*Data excerpts*:

┄┄┄┄┄┄┄┄┄┄

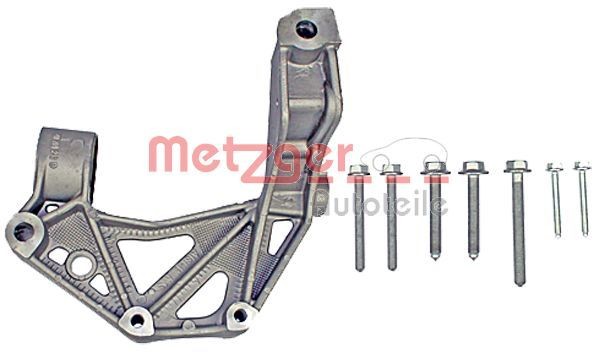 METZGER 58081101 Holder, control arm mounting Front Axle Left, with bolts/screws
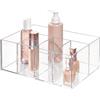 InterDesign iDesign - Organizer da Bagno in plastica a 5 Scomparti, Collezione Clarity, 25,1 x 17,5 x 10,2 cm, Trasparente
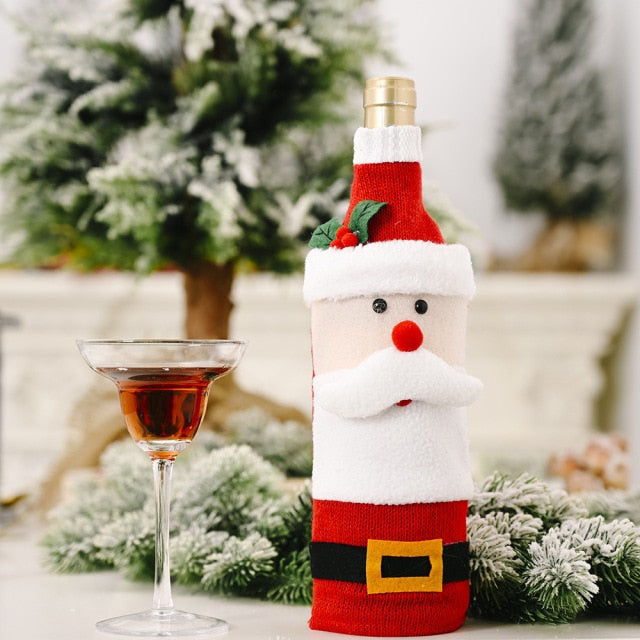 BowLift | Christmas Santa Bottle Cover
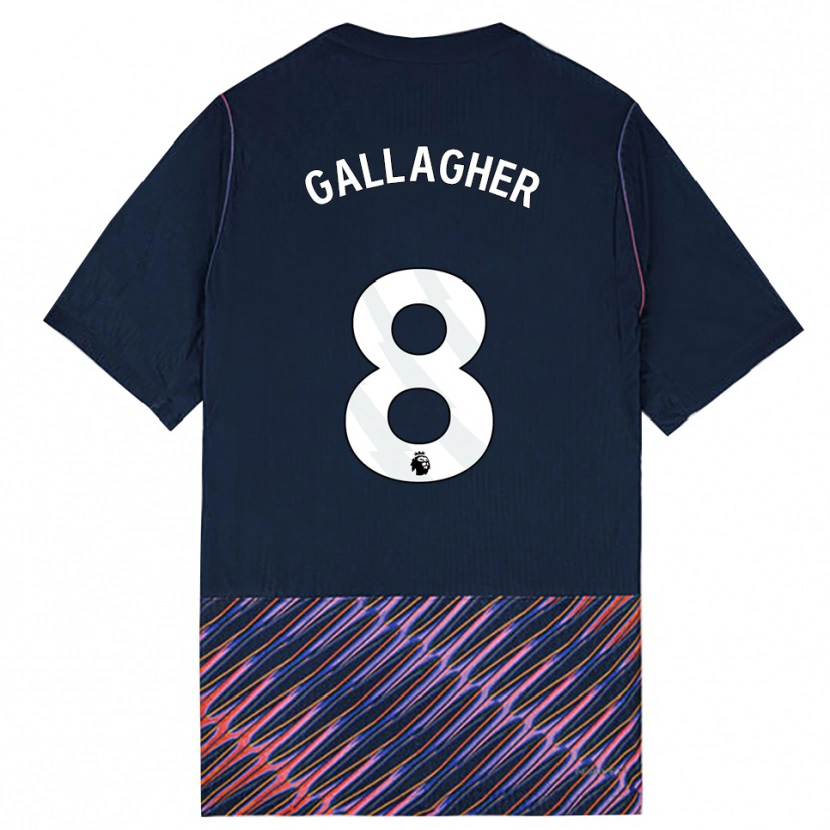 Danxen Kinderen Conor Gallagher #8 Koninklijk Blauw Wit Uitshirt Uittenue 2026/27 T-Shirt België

┄┄┄┄┄┄┄┄┄┄

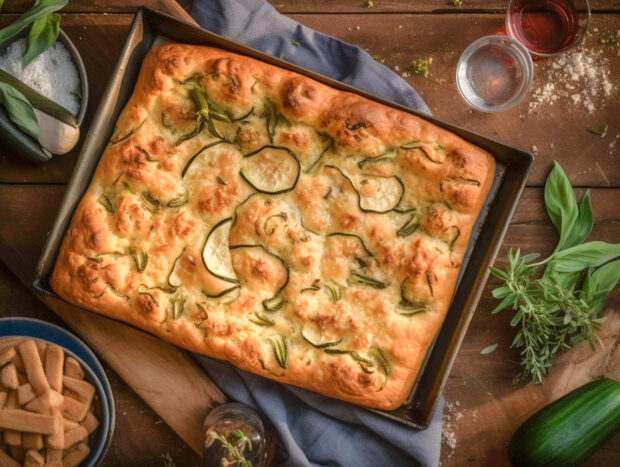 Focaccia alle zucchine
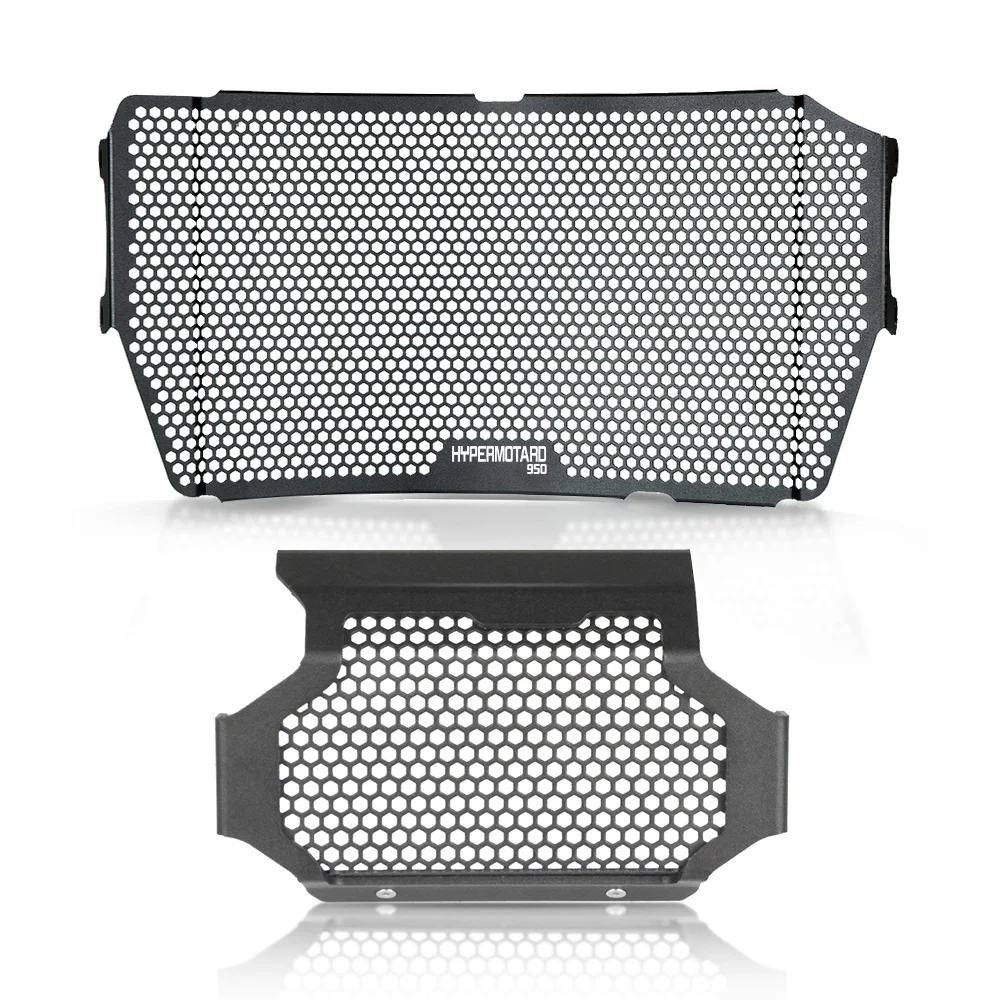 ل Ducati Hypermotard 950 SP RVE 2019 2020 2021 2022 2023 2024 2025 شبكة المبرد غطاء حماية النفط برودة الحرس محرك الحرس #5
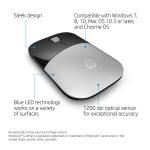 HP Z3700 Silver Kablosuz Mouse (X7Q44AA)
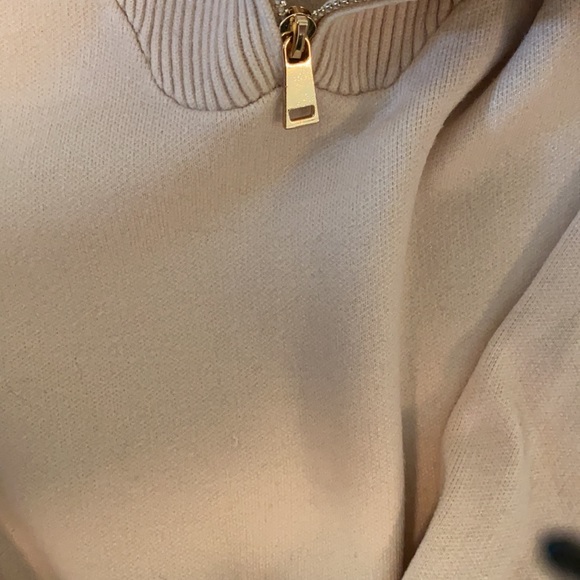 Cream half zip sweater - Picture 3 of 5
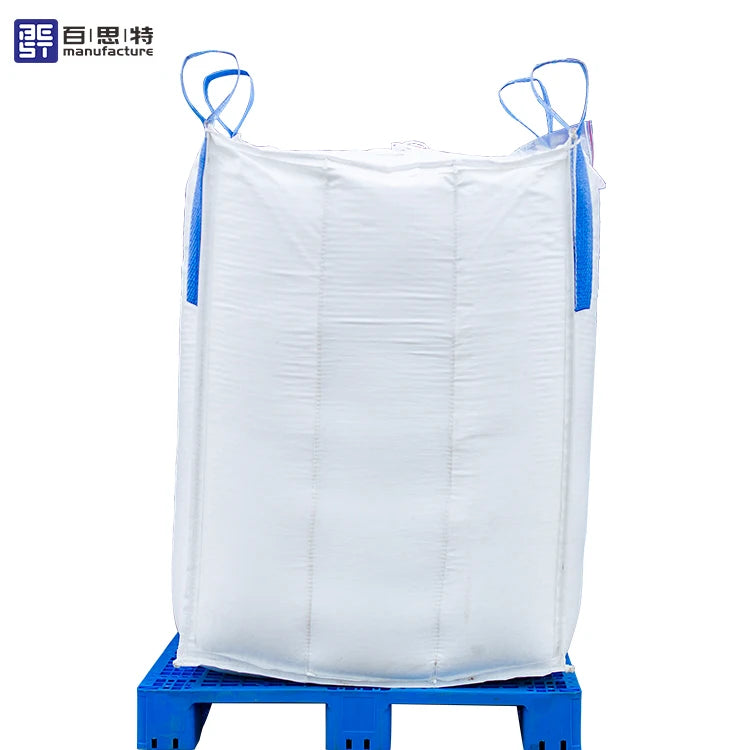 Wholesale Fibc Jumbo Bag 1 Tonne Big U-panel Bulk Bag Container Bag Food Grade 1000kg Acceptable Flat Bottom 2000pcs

┄┄┄┄┄┄┄┄┄┄

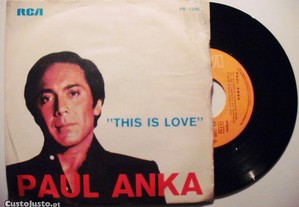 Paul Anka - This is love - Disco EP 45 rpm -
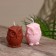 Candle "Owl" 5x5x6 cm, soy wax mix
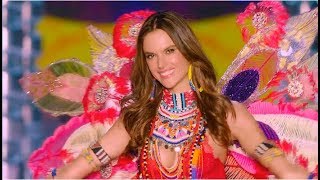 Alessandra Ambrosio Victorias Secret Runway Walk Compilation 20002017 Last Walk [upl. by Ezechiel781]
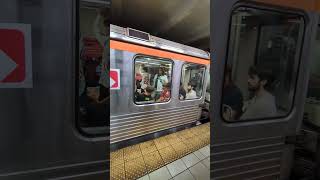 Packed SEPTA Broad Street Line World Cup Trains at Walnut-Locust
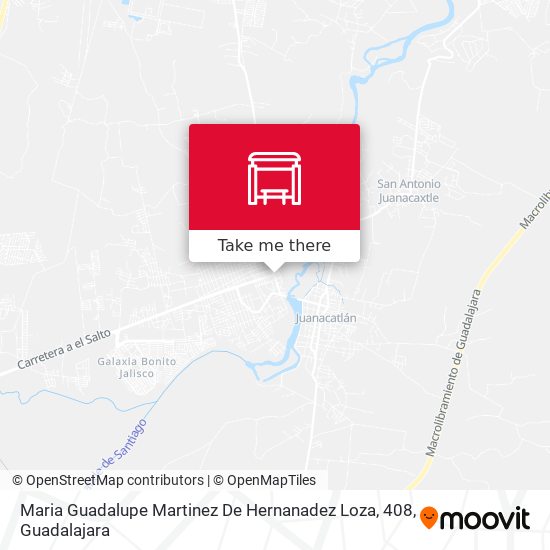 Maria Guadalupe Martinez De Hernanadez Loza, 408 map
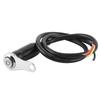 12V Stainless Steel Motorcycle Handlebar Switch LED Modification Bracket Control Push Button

┄┄┄┄┄┄┄┄┄┄

*Task brief*:
Give again, exactly as written above, every line from the one holding "BowLift | Christmas Santa Bottle Cover" to the one holding "Danxen Kinderen Conor", with both ends kept and the pictures left out.

*Task solution*:
 BowLift | Christmas Santa Bottle Cover
 Danxen Kinderen Conor Gallagher #8 Koninklijk Blauw Wit Uitshirt Uittenue 2026/27 T-Shirt België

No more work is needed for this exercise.